I really appreciate all your feedback! To calm any minds that may remain unsettled: don’t worry, I’m not changing anything.
It’s true that I had been thinking of swtiching formats completely to keep things fresh and turning into a Game of Thrones fanfic site, but thanks to you all, I think I’ve pretty much decided against that in favor of Buffy.
I kid! It will still be food along with me nattering on about shit. I’m glad to hear you enjoy the nattering, appreciative that you took the time to tell me so* and inspired that so many of you openly admit to loving big butts.

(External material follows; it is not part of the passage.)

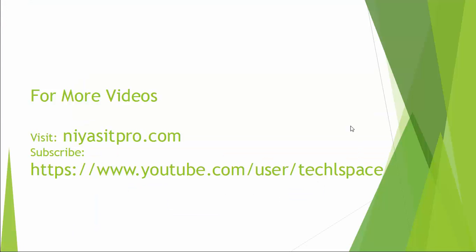Thanks for watching this video. For more videos, visit my YouTube channel, TclSpace, or visit niasitpro.com.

To thank you for all your kind words, I present you with the post you’ve been waiting for since the first crocus bulb peeped its purple head up through the newly-thawed ground: ramps.
*Except for those of you who didn’t. You know who you are.
Ramps: What are they? Why are they such a big hairy deal? Why do they cost $6.99 a bunch? Why did I buy two bunches in spite of that? Are they more or less overrated than fiddlehead ferns, which taste like cedar mulch?
Ramps are wild leeks; they look kinda like spring onions, smell like garlic and leave you with absolutely heinous breath. Farmer’s market purveyors obtain them by foraging, and you obtain them by bringing a taser to the farmer’s market at 5AM so you can take out the sous chefs from Per Se and Eleven Madison Park who are there trying to buy them all up.*
*Alternatively, you can get them from Fresh Direct and avoid the assault charges. Which is what I did, and I’m sure many people think I’m a poser for not schlepping to the Greenmarket via public transit with my recycled hemp tote. To which I say: I got to sleep in on Saturday and still got the goddamned ramps, so who’s laughing now?
Something about them causes foodie-type people to get their panties in a giant bunch and write paeans about the advent of springtime and growth and renewal and blah blah blah oh my god IT’S JUST A FUCKING ONION. In a number of states – many of them in the South, not that I am insinuating anything – they drive people so batty* they become convinced that ramp festivals featuring events like “outhouse races where teams from local business build rolling outhouses and power them down the main thoroughfare” are both fun and necessary.
Because nothing says “Springtime!” like parading ACTUAL BOXES OF SHIT down the High Street. These are not the workings of a sound mind, is all I’m saying.**
Won’t someone think of the children?
I’ve never bought them before, but this year I got a letter from the National Council of People Who Blather Online About Food telling me that my membership was in jeopardy; I didn’t even know I was a member, but the warning came certified mail so you know they’re serious.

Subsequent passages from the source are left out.